Improved Beyond Recognition!
Revell Fw 190D-11 receives full detailing treatment
Here is my 1/48 model of Focke-Wulf Fw 190D-11. This was one of these projects where I decided to go full length in building an accurate miniature of the real aircraft.
Service introduction of the Messerschmitt Me 262 jet fighter was a desperate attempt to resist the Allied air offensive over German territory. Too little too late. One of the few units fighting with the type was the small JV 44, an Experts' squadron under the command of General Lieutenant Adolf Galland.
Jagdverband 44 was a strange unit: in January 1945 Galland and other officers (Lützow, Johannes, Steinhoff) had a fierce confrontation with Reichsmarshall Göring over the performance of the fighter arm. Galland was removed from his position and even arrested and threatened with a court-martial. Eventually he was relieved of all official functions and allowed to get back to frontline flying by organizing a special jet unit using the Me 262. His 'recruiting' officer, Steinhoff, travelled to all of the major bases, selecting pilots who wanted to join to new adventure. Some very famous pilots joined over a period of weeks: Gerhard Barkhorn, Walter Krupinski, Heinz Bär, Erich Hohagen, Günther Lützow, Wilhelm Herget.
Excellent as the Me 262 was, it had some notorious weaknesses. Very poor acceleration due to limited power of the jet engines was the source of the well-known vulnerability of the aircraft directly after take-off or in the landing circuit. Allied pilots were quick to realize and exploit this weak spot. Galland himself was once surprised and almost shot down by a P-47D during landing approach. With his typical pragmatism, Galland ordered to set up a Platzschutzstaffel of Fw 190Ds to provide airborne cover during take-off and landing of the jets at Munchen-Riem. These machines, too, were flown by some very experienced pilots, including aces like Waldemar Wubke or Heinz Sachsenberg.

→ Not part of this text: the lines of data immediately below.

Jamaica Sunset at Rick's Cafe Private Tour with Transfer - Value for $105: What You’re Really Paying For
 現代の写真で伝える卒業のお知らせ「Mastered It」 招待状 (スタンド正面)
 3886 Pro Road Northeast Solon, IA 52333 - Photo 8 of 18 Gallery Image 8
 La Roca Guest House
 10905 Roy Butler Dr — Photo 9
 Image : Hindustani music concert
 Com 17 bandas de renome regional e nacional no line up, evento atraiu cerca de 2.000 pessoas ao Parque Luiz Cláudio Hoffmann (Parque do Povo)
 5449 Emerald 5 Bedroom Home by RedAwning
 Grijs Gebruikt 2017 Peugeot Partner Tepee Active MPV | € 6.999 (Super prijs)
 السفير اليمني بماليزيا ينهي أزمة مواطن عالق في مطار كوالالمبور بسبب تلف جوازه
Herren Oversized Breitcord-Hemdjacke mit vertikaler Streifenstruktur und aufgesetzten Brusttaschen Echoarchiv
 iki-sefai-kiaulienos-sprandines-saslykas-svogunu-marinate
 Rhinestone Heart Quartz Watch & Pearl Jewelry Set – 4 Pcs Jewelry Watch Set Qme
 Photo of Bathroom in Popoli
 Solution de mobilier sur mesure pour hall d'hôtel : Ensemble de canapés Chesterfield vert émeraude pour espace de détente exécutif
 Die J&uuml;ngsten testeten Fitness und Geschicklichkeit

The escorting Focke-Wulfs usually flew at low altitudes, which in case of the wrong recognition from the friendly Flak batteries could prove fatal. To aid recognition, the Fw 190s had their lower surfaces painted entirely in red (or black) with white stripes. This method produced some of the most colourful finishes of wartime Luftwaffe , and was the source of unit's popular nickname Papagai Staffel (the Parrot Flight).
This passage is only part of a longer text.